Instructions for the task: Find, in the records below, the line that contains "163 Foxglen Lane" and the line that contains "Avanza la privatización". Copy those two lines and everything between them exactly, but not the pictures.

Source data:
--------------------------------

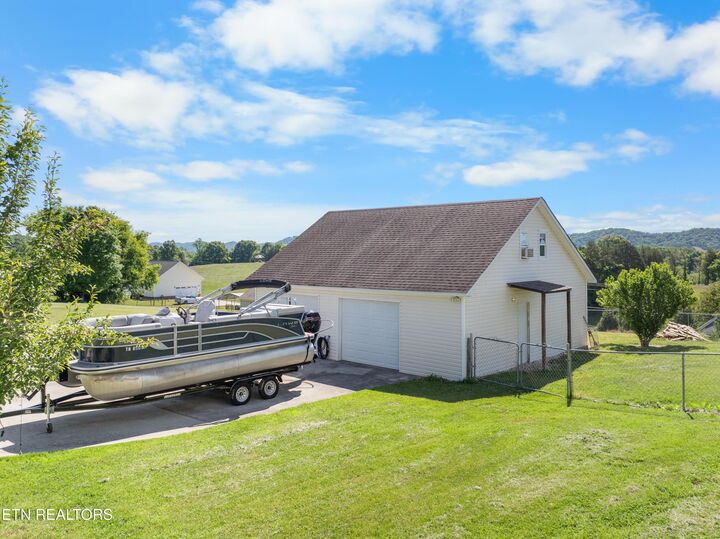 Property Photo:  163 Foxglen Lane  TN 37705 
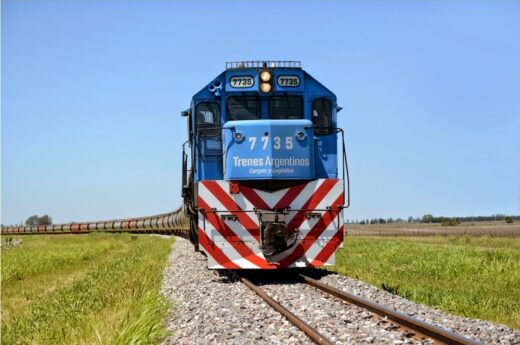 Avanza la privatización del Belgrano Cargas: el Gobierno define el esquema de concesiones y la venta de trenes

--------------------------------

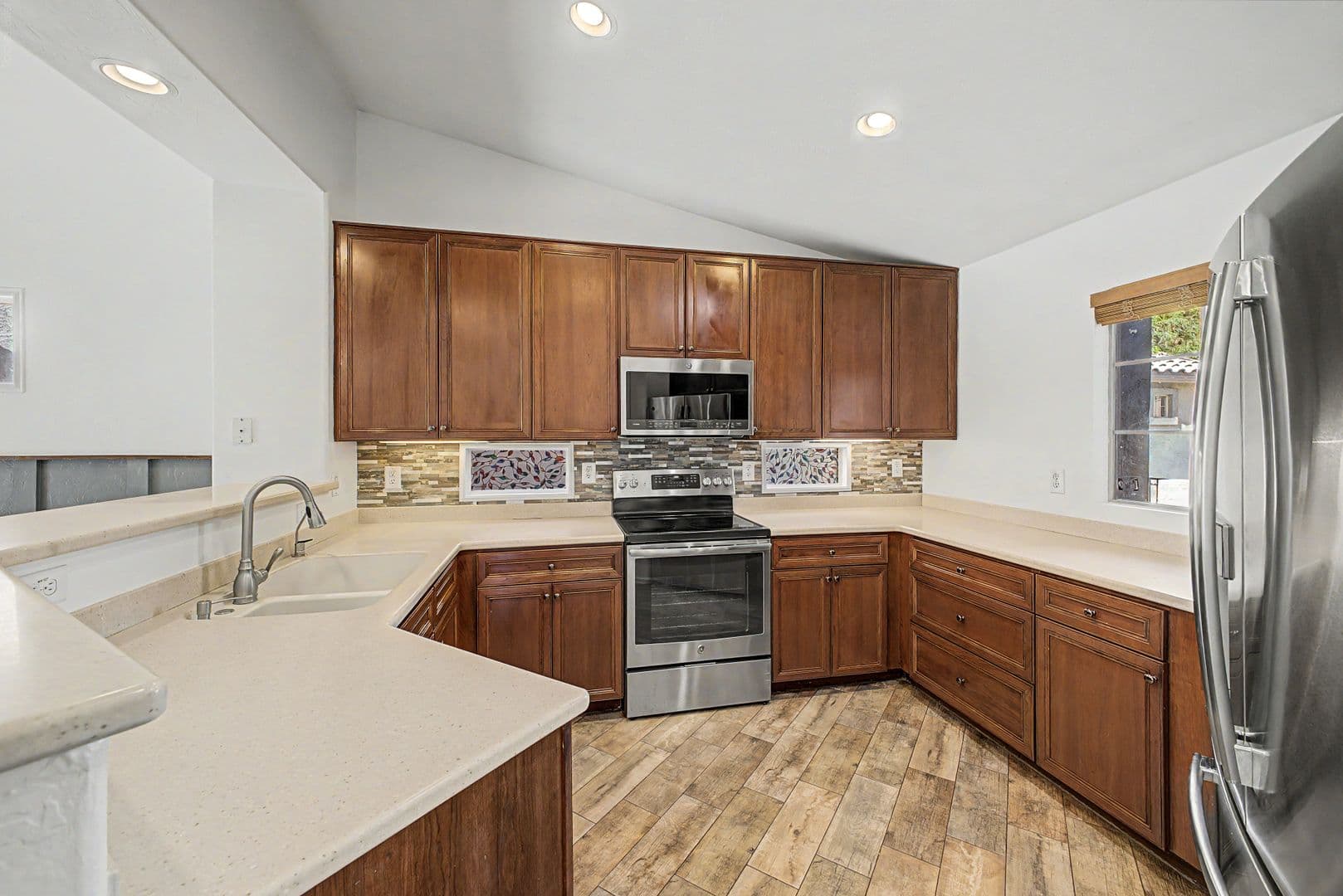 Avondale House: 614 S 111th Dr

--------------------------------

Answer to the problem:
 Property Photo:  163 Foxglen Lane  TN 37705 
 Avanza la privatización del Belgrano Cargas: el Gobierno define el esquema de concesiones y la venta de trenes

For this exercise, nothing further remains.